La política se hace y constituye a través de las tensiones emergentes en la confluencia de consensos y disensos. La diversidad actoral que tiende a equilibrar las posibles polarizaciones en el contexto de las políticas públicas, ubica en la construcción de consensos una de sus piedras angulares. La presencia de valores, intereses clasistas, perspectivas ideológicas, formas de aprehender la realidad, aprendizajes y esquemas de actuaciones distintos, exige la conformación de acuerdos sostenibles como condición básica para concebir e implementar políticas públicas. Este despliegue de encuentros constantes y simultáneos abre nuevas perspectivas para las negociaciones en la búsqueda de ejes comunes que sostendrán las estrategias diseñadas, redimensionarán las formas organizativas de gestión, y servirán además como cohesionadores del sistema político.

El carácter de público de una política lo establece justamente la creación de consensos entre actores económica y culturalmente diversos, pues, sobre la base del consenso se establecen nexos que permitirán intercambio equitativo, coherencia, solidez, permanencia a la política y una reconstrucción de lo que es común a todos como un espacio posible. Donde no hay consenso entre actores diferentes dotados de identidades y aspiraciones distintas, no hay política pública. Con frecuencia se ubica al consenso como uno de los contenidos fundamentales de la concertación y el diseño, entendidas estas como las primeras fases de la política pública. La argumentación y persuasión (Majone, 2005), que adquieren significativa relevancia en este momento, representan los recursos técnicos que harán posible un diálogo efectivo capaz definir y proyectar los objetivos de la política, en función de los intereses de los implicados sobre la base de los consensos originados en sus encuentros. La formulación de consensos no es exclusiva de etapa alguna; las acciones que den sustancialidad permanente a la política pública han de partir y desarrollarse desde el consentimiento explícito de todos sus actores.
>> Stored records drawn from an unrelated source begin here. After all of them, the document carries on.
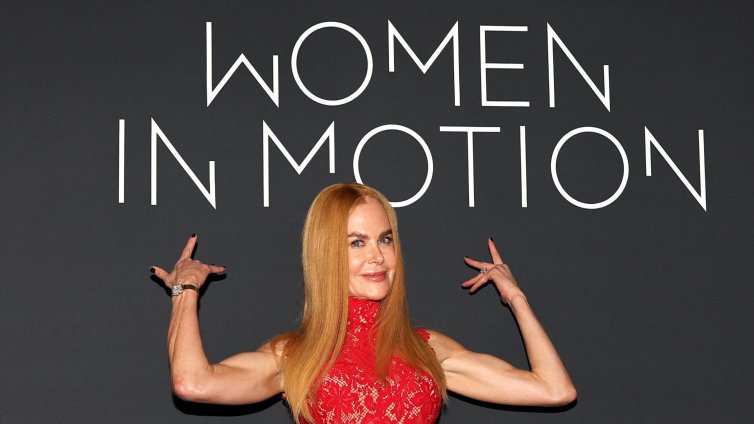 Мултимилионер хвърли око на Никол Кидман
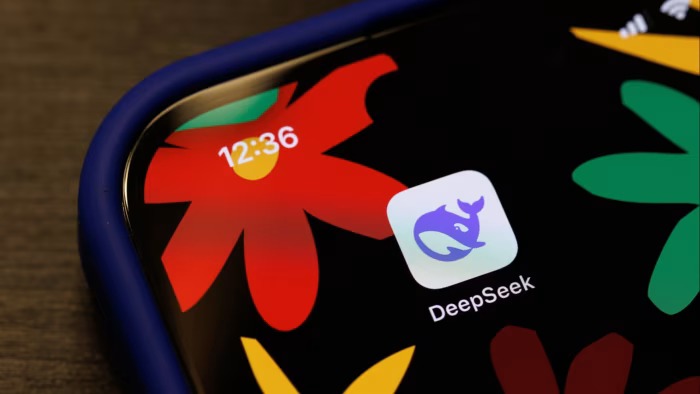 DeepSeek vừa công bố phiên bản V3 cải tiến.
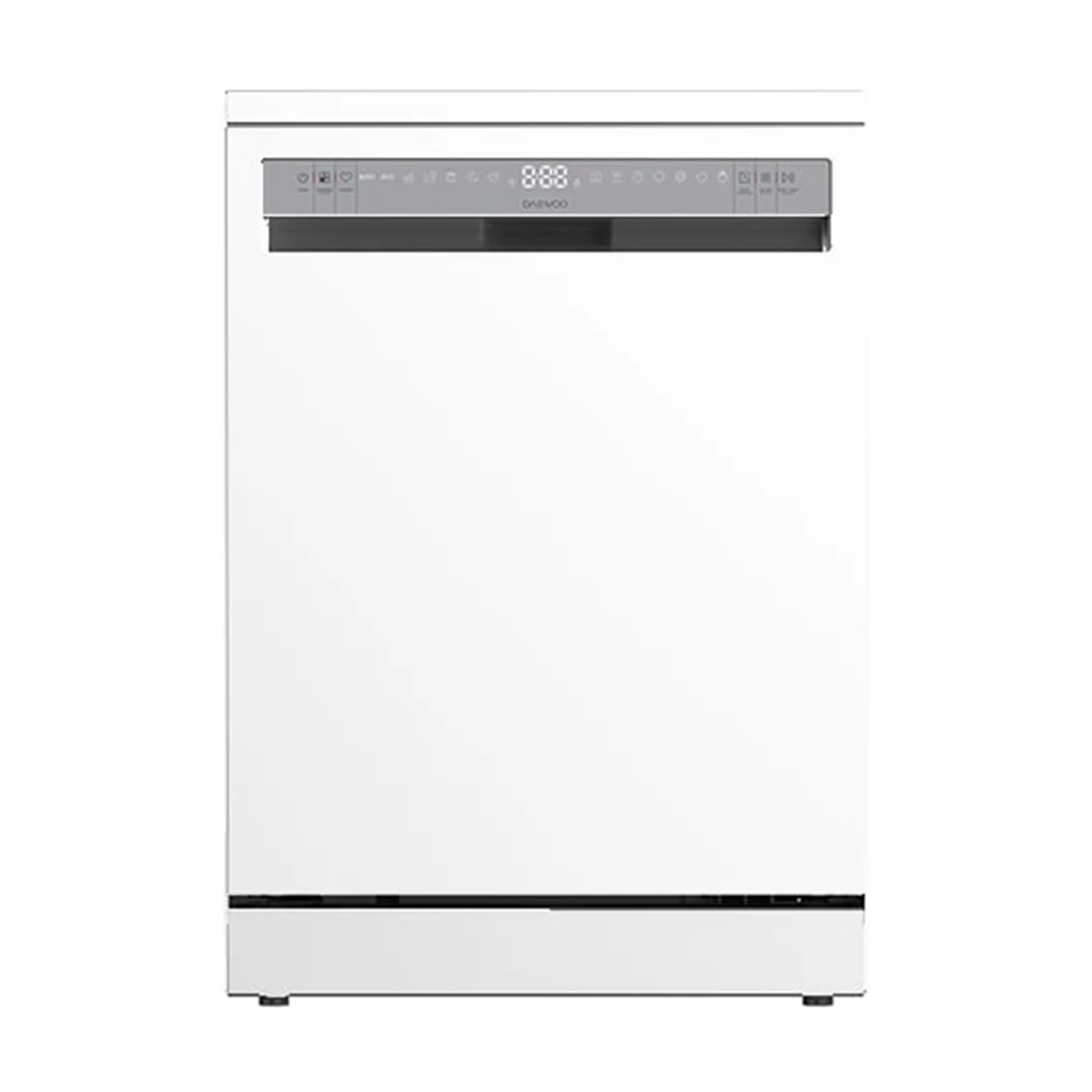 ماشین ظرفشویی دوو 14 نفره مدل DW-200W-سفید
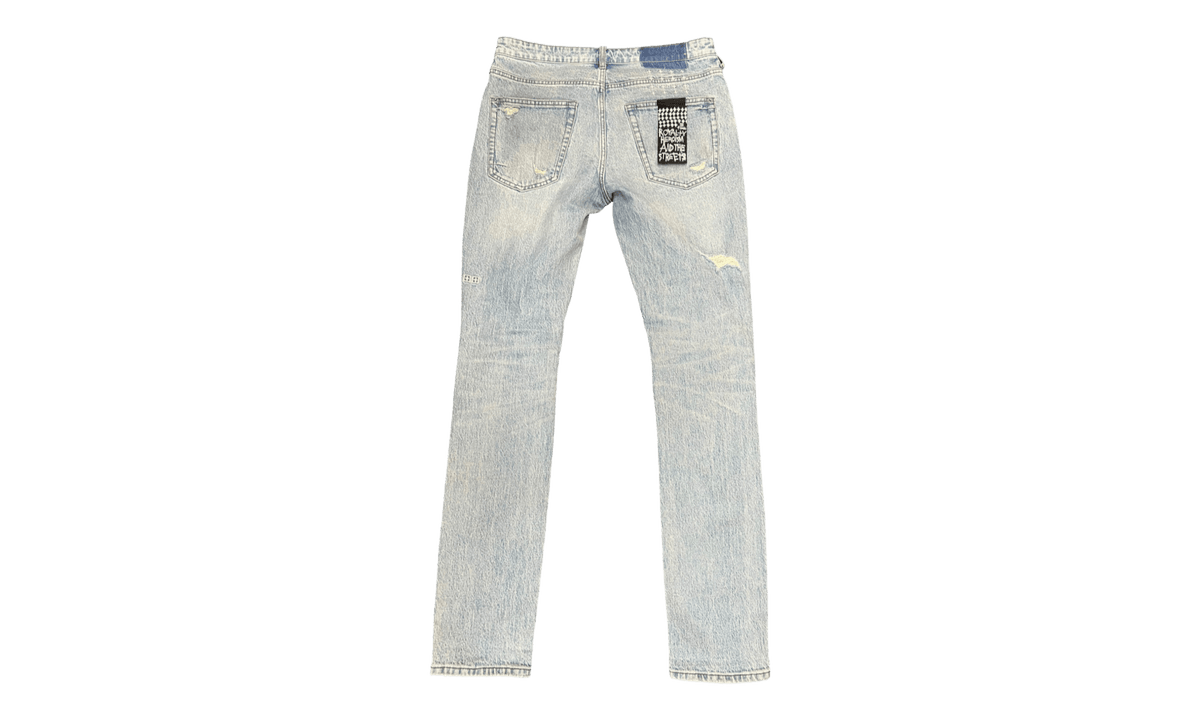 Ksubi Van WInkle Painter Repair Jeans (PreOwned)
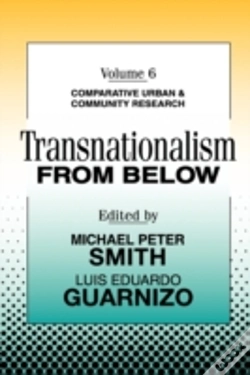 Capa do artigo Transnationalism From Below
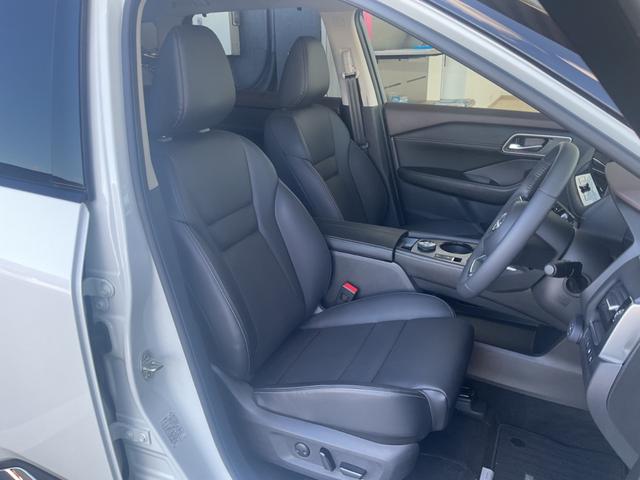 エクストレイル G e-4ORCE(13枚目)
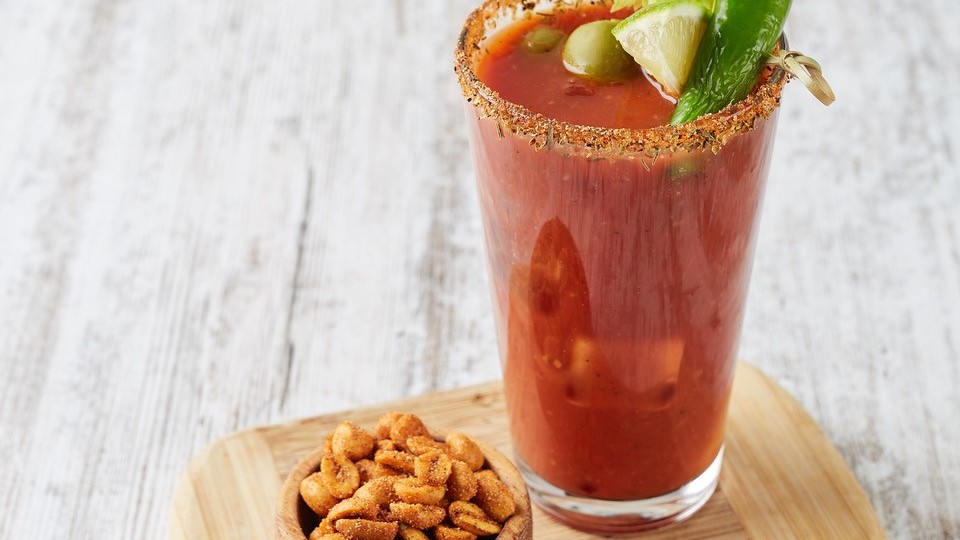 Image of Wildlife Seasonings Bloody Mary with Alligator Bayou Cajun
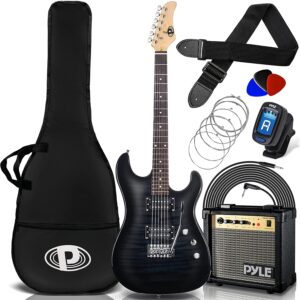 Pyle Electric Guitar and Amp Kit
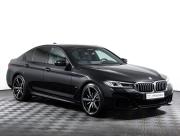 BMW 5 серии VII (G30/G31/G38) Рестайлинг Москва  - изображение 25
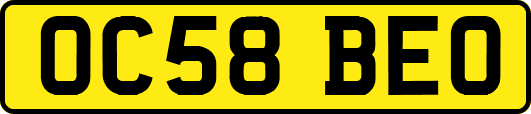 OC58BEO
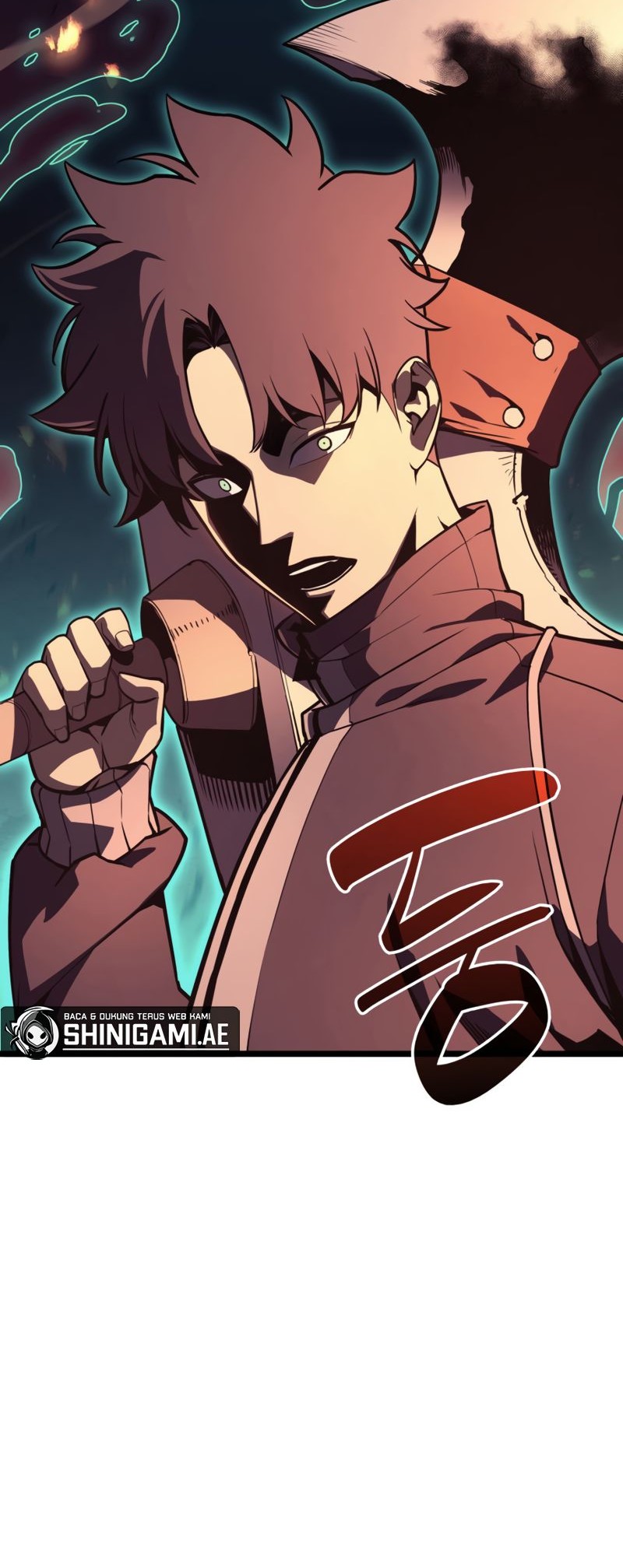 A Disaster-Class Hero Has Returned Chapter 114 Gambar 30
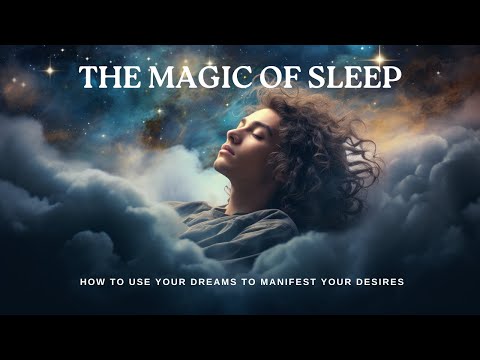 Sleep Your Way to Success! ! ! How to Use Sleep as a Tool for Manifestation! ! !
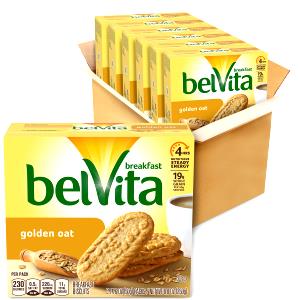 1 Pack Biscuit, Belvita, Golden Oat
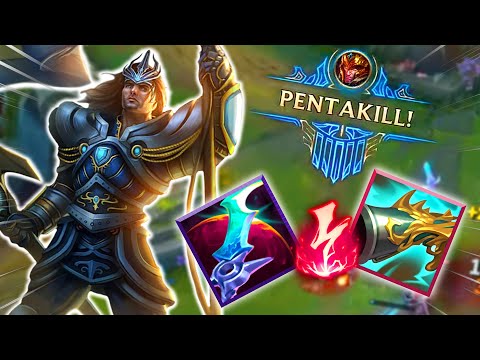 MAGIA PORTAMI VIA - League of Legends ITA #2600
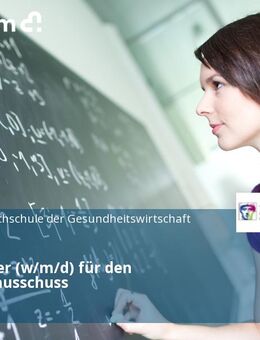 Mitarbeiter (w/m/d) für den Prüfungsausschuss - Bremen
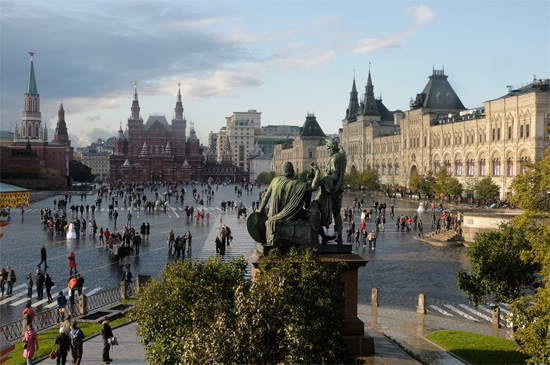 Red Square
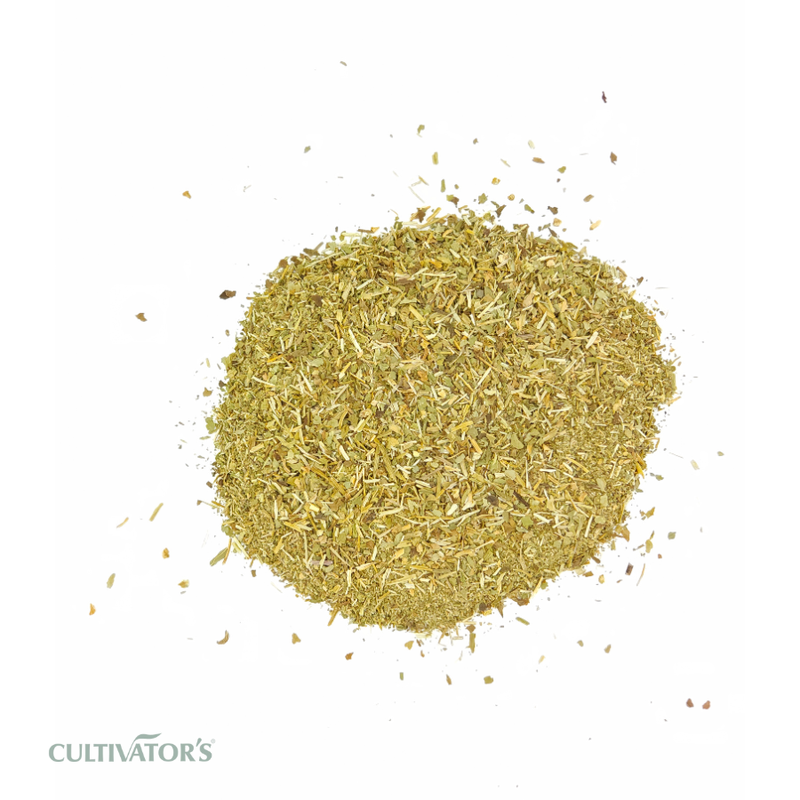 Organic Gotu Kola Leaves TBC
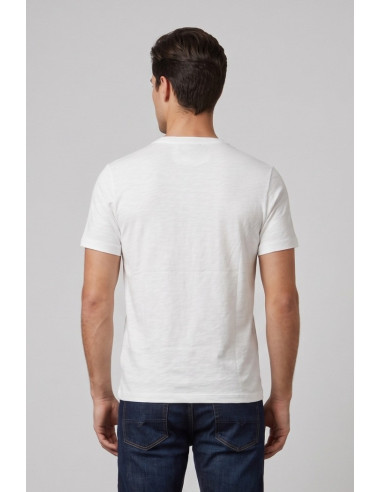 Guy t-shirt in jersey di cotone Cabrio115-sb M49886 [370e5100]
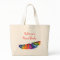 Rainbow Piano Keys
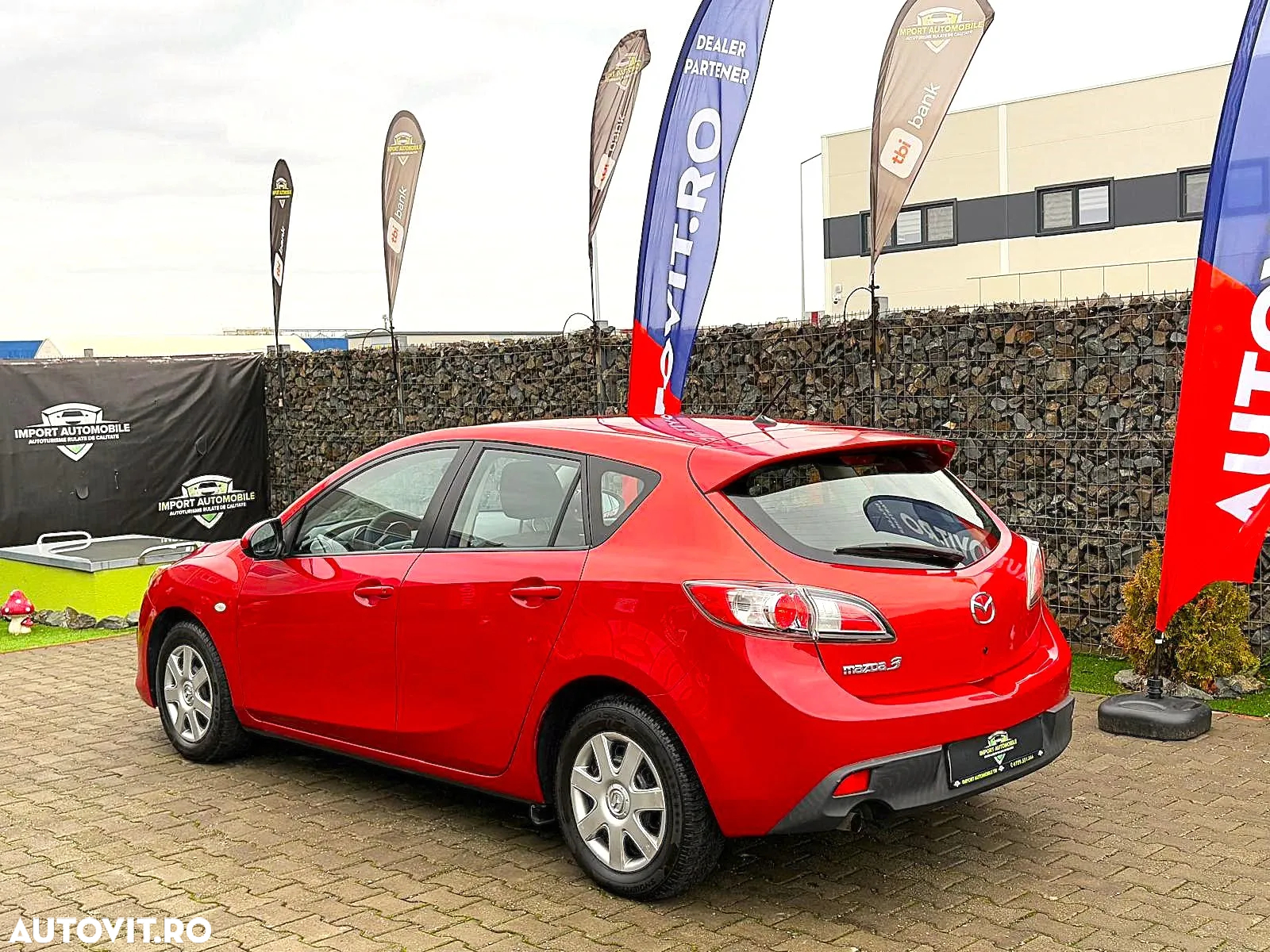 Mazda 3 1.6 MZR Active - 6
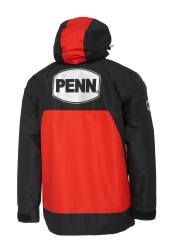 GEACA PENN FIERCE JACKET L FIERY RED/INK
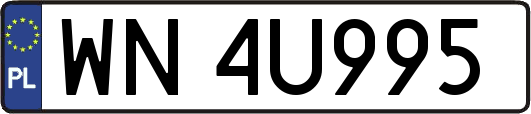 WN4U995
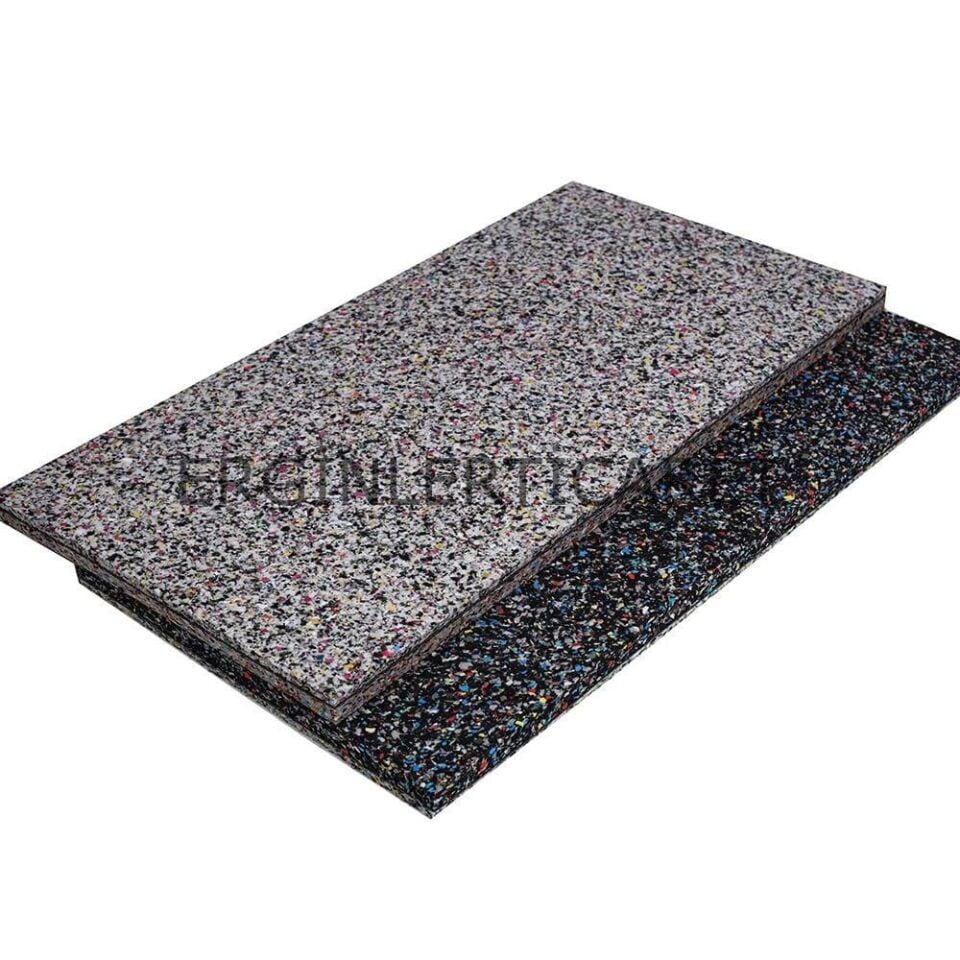 Ses Yalıtımı 33mm Bariyerli Erpan Ebat 1 m2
Es preciso destacar que solo a través del consenso pueden implementarse políticas atendiendo a las prácticas de corresponsabilidad, coprotagonismo y cooperación, es decir, desde el modelo de las tres c, como lo hemos dado en llamar. La imposición de objetivos, la exclusión de actores no empoderados y con ello la anulación de sus urgencias y potencialidades, no contribuyen a crear consensos y en consecuencia fragmentan las posibilidades reales de realizar políticas públicas.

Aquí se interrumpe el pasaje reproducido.